Nothing but the lines from the one containing "a bedroom with" through the end of the data below should appear in the answer, each exact and free of pictures.

━━━ Available records ━━━

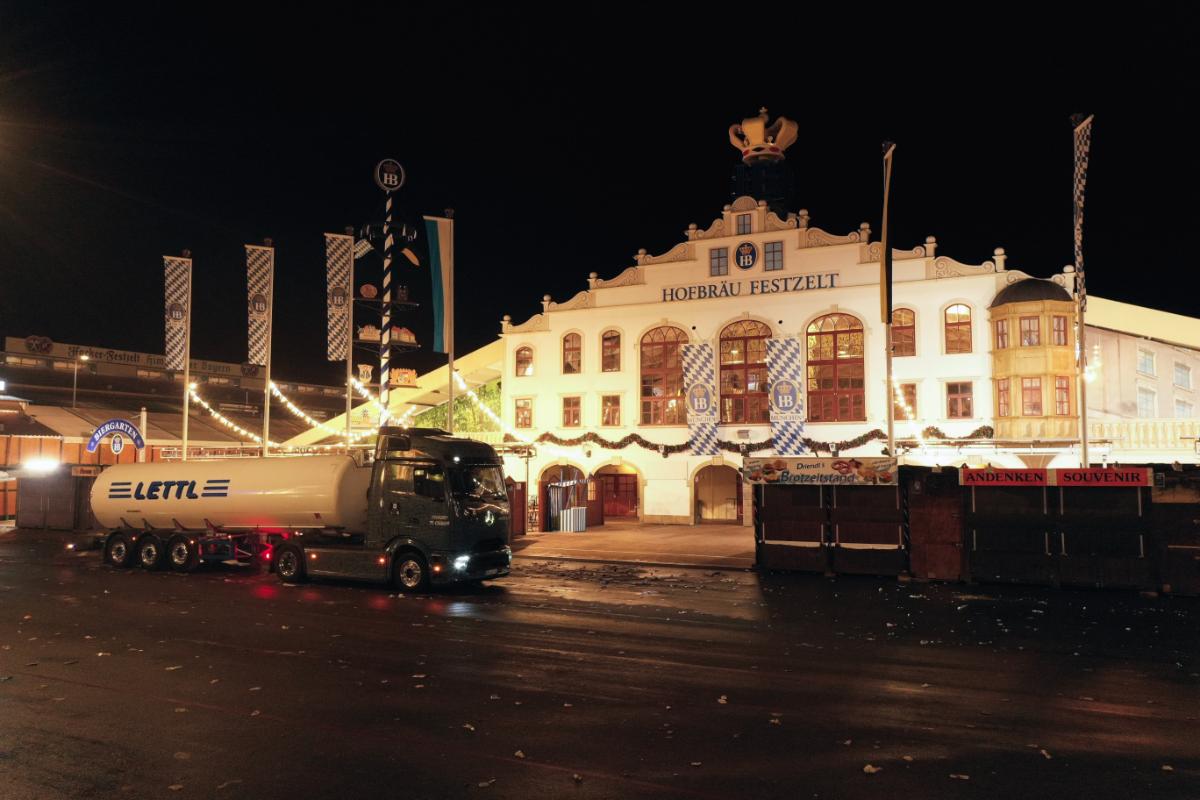 La Hofbräu Festzelt iluminada por la noche proyecta un resplandor sobre el camión de combustible estacionado frente a ella, asemejándose a una escena capturada por un borrador automático.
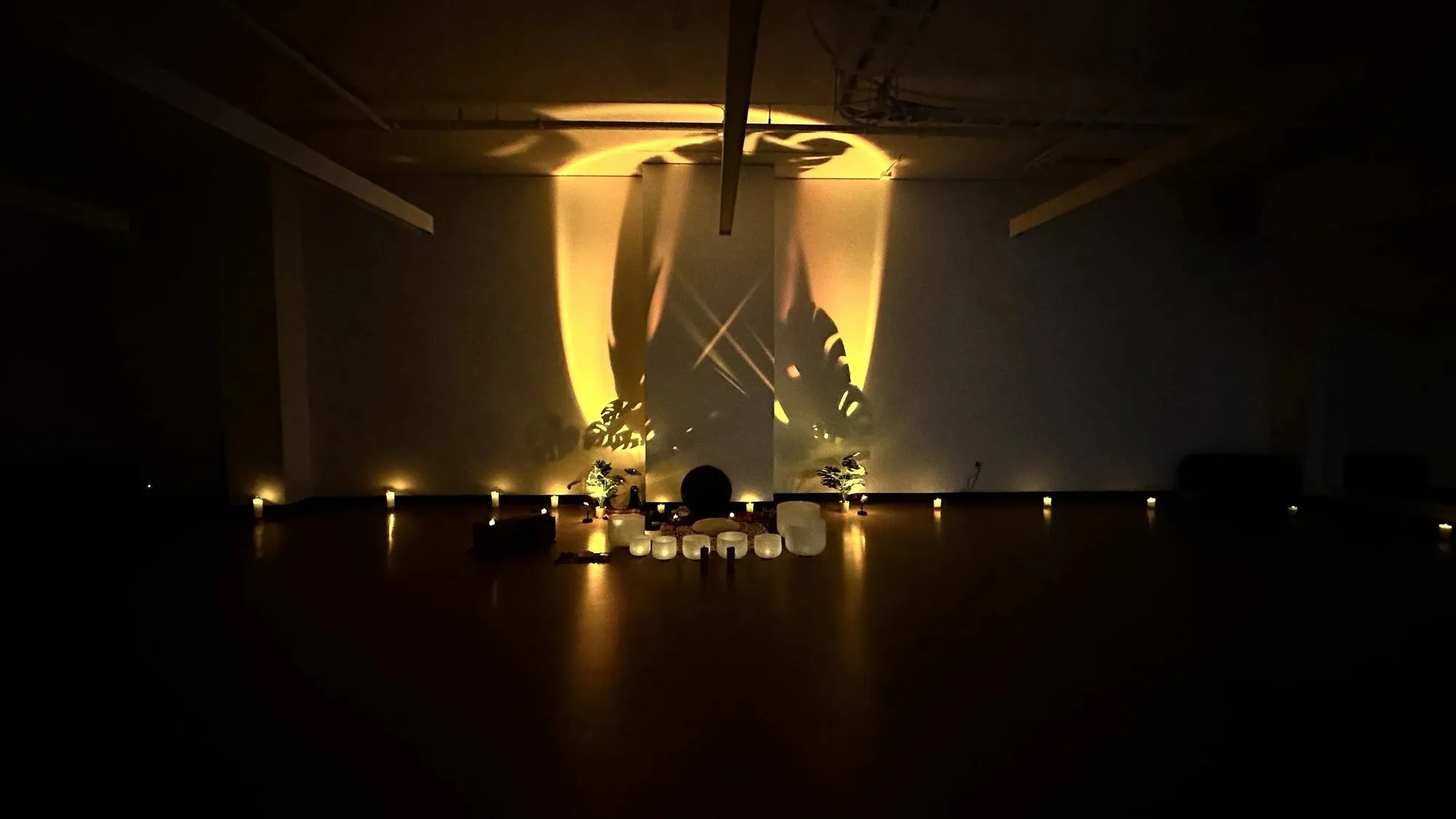 An Aloka session for Lululemon: crystal bowls and candlelight before a wall of leaf shadows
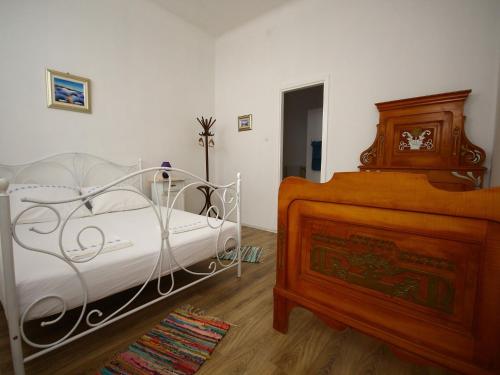 a bedroom with a white bed and a wooden crib at Villa URSULA in Grižane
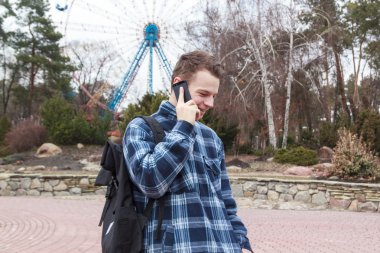adam telefonda konuşurken bir sırt çantası ile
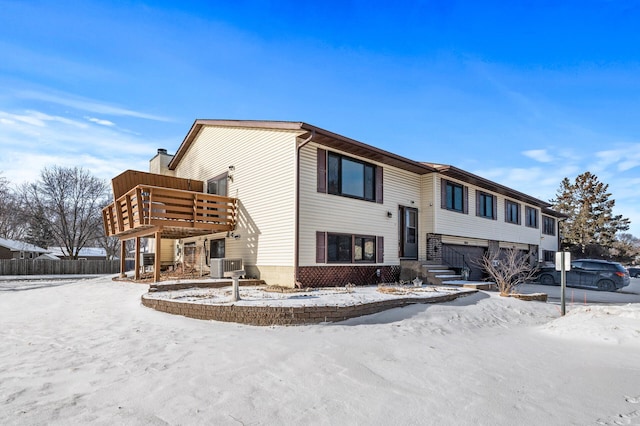 view of front of property with a garage, a chimney, a wooden deck, and central air condition unit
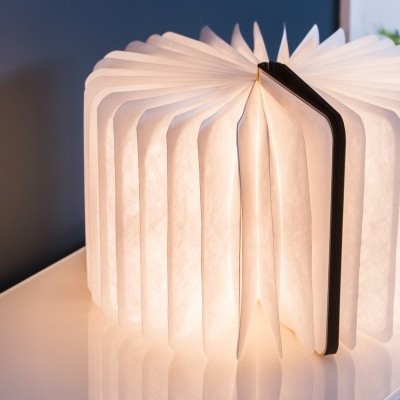 Lâmpada livro aberta iluminada sobre móvel branco com caderno e planta ao fundo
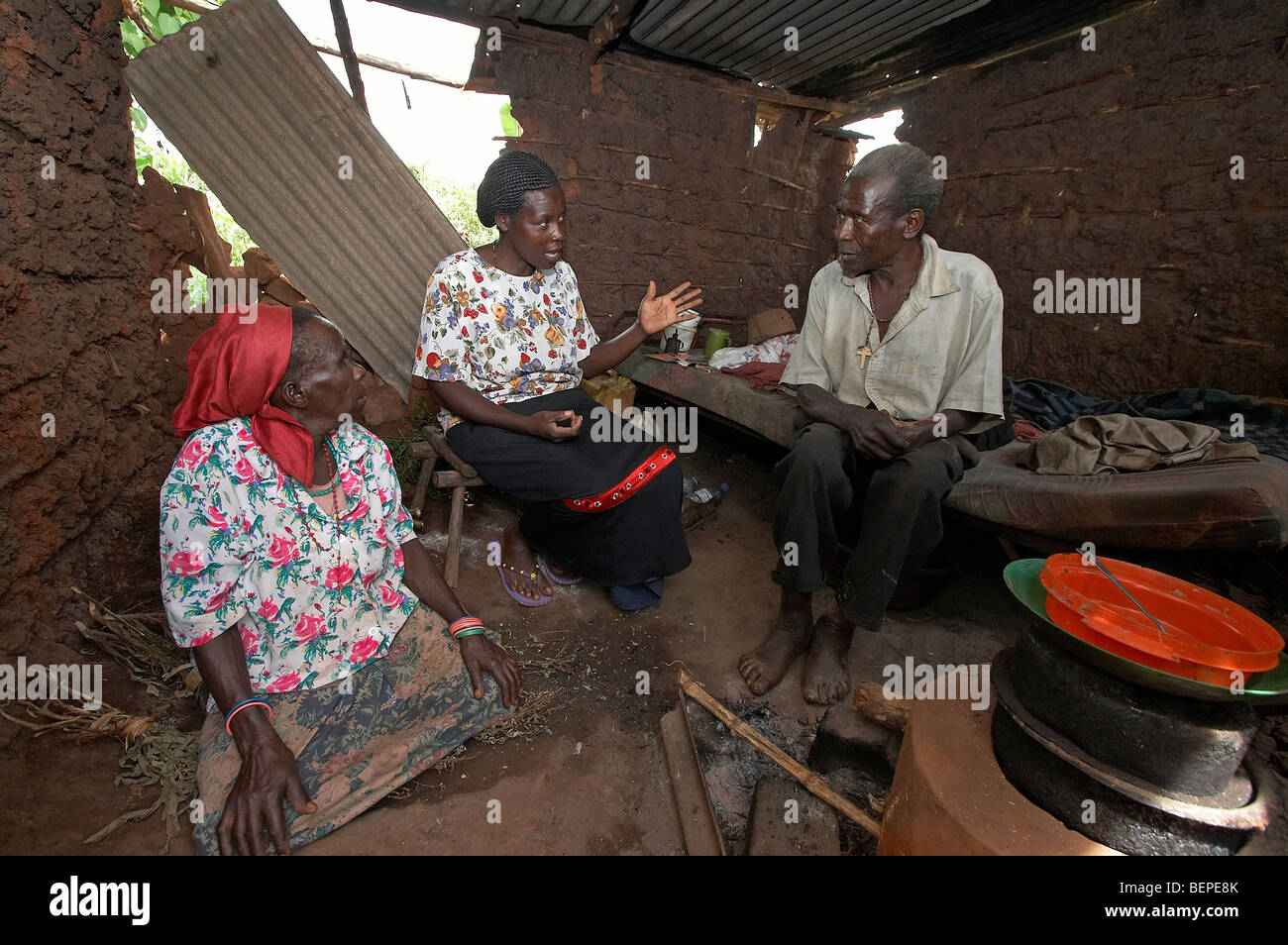 UGANDA Teopista Nejjemba, a 'good Samaritan', visiting Damian Kosolo, who was badly burned in a fire. Kayunga District Stock Photo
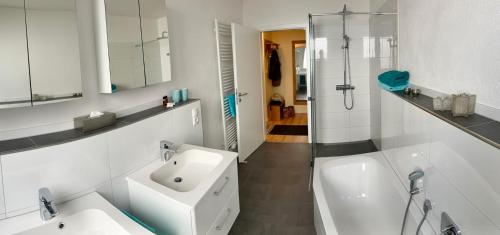 a white bathroom with a sink and a bath tub at RheinWeinBoppard 2 - mit Rheinblick in Boppard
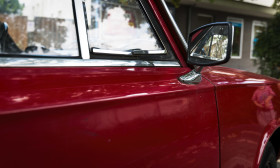 Stock Image: Side view of a red classic car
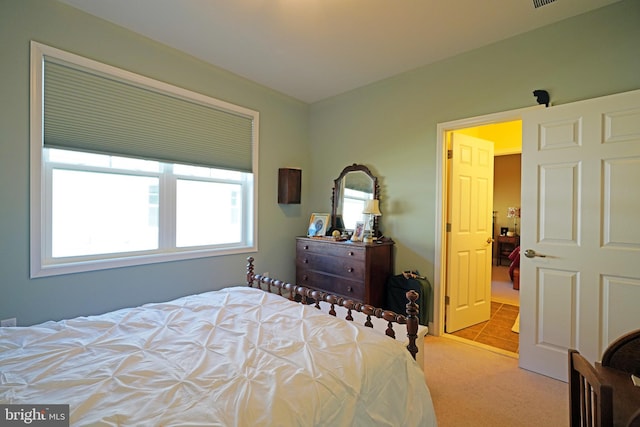 bedroom featuring light colored carpet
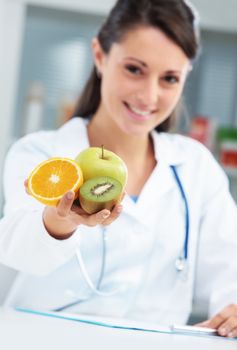 Nutritionist Doctor holding some fruits in her hand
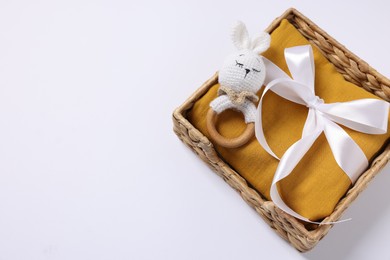 Baby accessory. Rattle and child`s clothes in wicker box on white background, top view. Space for text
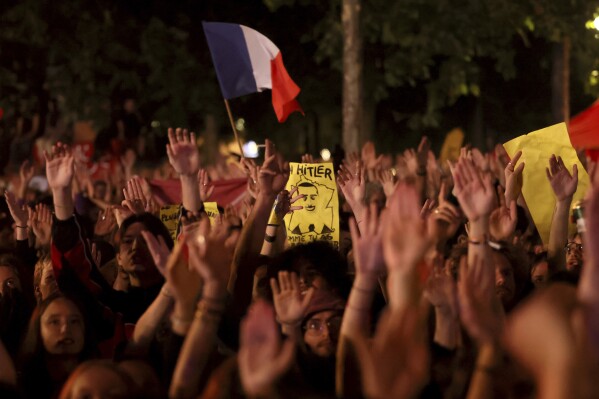 People gather at Republique plaza during a protest against the far-right National Rally party which came out strongly ahead in first-round legislative elections, Sunday, June 30, 2024 in Paris. (AP Photo/Thomas Padilla)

━━━

Written response =
 a bedroom with a white bed and a wooden crib at Villa URSULA in Grižane
adam telefonda konuşurken bir sırt çantası ile
 view of front of property with a garage, a chimney, a wooden deck, and central air condition unit
 Lâmpada livro aberta iluminada sobre móvel branco com caderno e planta ao fundo
 UGANDA Teopista Nejjemba, a 'good Samaritan', visiting Damian Kosolo, who was badly burned in a fire. Kayunga District Stock Photo
 a white bathroom with a sink and a bath tub at RheinWeinBoppard 2 - mit Rheinblick in Boppard
 Stock Image: Side view of a red classic car
 bedroom featuring light colored carpet
 Nutritionist Doctor holding some fruits in her hand
 Baby accessory. Rattle and child`s clothes in wicker box on white background, top view. Space for text
 People gather at Republique plaza during a protest against the far-right National Rally party which came out strongly ahead in first-round legislative elections, Sunday, June 30, 2024 in Paris. (AP Photo/Thomas Padilla)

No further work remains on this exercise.